Yuan Tests Resistance on Tightened Liquidity

Fundamental Forecast for the Yuan: Neutral

Both onshore and offshore Yuan retraced against the US Dollar this week: the onshore Yuan (USD/CNY) closed at a slightly more bullish position, at 6.6810 following four consecutive drops on a weekly basis; the offshore Yuan (USD/CNH) touched 6.7076 on Monday and then pulled back after Yuan liquidity was tightened in the offshore market. Both Dollar/Yuan pairs moved below key resistance levels of 6.70. At the same time, the British Pound which is included in the Yuan currency basket, recovered early losses and gained against the Chinese Yuan on the week. The onshore Yuan (GBP/CNY) dropped -2.46% while the offshore Yuan (GBP/CNH) fell -2.63%. This put less pressure on the PBoC to strategically devalue against the US Dollar in the effort of evening-out gains in the Yuan currency basket. Looking into next week, 6.70 will continue to be a key level for both USD/CNY and USD/CNH. From China’s side, the PBOC has been tightening onshore liquidity and is less likely to introduce aggressive easing programs in the near-future. In terms of outside of China, event risk from European Central Bank and US economic data may lead to major breakouts in Yuan rates.

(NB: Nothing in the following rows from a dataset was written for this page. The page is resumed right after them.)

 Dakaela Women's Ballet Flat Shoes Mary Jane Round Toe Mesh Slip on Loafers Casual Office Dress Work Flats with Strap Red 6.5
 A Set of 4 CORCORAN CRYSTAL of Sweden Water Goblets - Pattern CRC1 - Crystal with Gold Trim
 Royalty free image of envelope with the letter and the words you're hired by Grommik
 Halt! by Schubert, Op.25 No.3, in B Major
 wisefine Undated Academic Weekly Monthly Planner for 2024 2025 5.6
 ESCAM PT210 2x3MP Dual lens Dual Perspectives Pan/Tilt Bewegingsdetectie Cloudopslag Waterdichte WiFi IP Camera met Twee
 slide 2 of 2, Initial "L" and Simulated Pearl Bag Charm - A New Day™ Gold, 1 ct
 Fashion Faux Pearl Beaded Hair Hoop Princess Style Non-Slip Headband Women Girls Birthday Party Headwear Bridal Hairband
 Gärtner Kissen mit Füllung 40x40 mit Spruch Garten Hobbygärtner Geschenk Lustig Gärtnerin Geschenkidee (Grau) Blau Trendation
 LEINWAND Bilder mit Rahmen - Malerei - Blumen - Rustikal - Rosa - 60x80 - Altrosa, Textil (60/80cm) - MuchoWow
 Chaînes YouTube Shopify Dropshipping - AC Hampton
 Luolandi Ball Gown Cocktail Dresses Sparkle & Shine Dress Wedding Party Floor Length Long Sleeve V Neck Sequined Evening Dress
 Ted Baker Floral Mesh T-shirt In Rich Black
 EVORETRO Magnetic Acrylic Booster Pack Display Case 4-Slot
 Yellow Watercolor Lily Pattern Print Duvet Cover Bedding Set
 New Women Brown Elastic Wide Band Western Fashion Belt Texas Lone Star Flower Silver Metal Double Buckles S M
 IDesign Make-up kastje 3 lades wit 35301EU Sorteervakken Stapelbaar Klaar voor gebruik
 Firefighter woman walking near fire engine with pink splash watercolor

While the Bank of England and Bank of Japan have put further easing programs on their agenda, China’s Central Bank adopts a moderate monetary policy and is likely to continue over the following periods. The PBOC has been tightening short-term liquidity over the past two weeks by reducing the issuance of 7-day reverse repos. In terms of medium-term liquidity, the Central Bank has withdrawn cash in the broader scope but injected liquidity into target financial institutions. The benchmark rates for Yuan, SHIBOR O/N, 1W, 1M and 3M, are all in a downtrend beginning on June 28. These moves highly reduced the odds of the PBOC to cut rate in the near future. This will leave less downward pressure on the Chinese Yuan.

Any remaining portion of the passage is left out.